Reproduce word for word, from the entries below, the line with "Gymnast Sticker Antonia Notebook Image", the line with "Method of Treating", and every line between them, and nothing more.

— Input material —
------

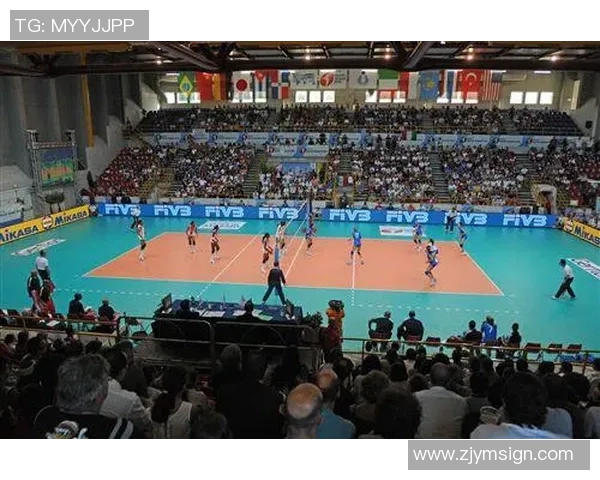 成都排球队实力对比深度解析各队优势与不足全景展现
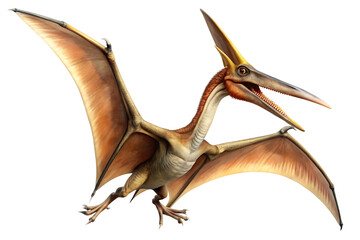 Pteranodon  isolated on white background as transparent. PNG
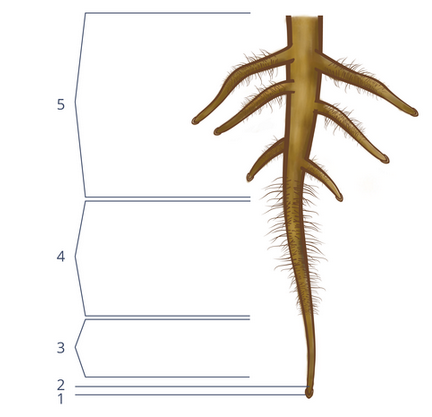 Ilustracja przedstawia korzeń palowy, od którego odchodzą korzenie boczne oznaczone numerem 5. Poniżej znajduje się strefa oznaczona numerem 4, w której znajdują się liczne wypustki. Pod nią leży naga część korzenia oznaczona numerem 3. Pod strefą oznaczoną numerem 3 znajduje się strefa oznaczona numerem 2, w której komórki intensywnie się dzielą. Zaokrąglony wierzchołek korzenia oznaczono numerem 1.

------

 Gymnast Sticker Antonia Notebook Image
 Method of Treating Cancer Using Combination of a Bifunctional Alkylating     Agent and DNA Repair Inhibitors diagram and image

------

— Task solution —
 Gymnast Sticker Antonia Notebook Image
 Method of Treating Cancer Using Combination of a Bifunctional Alkylating     Agent and DNA Repair Inhibitors diagram and image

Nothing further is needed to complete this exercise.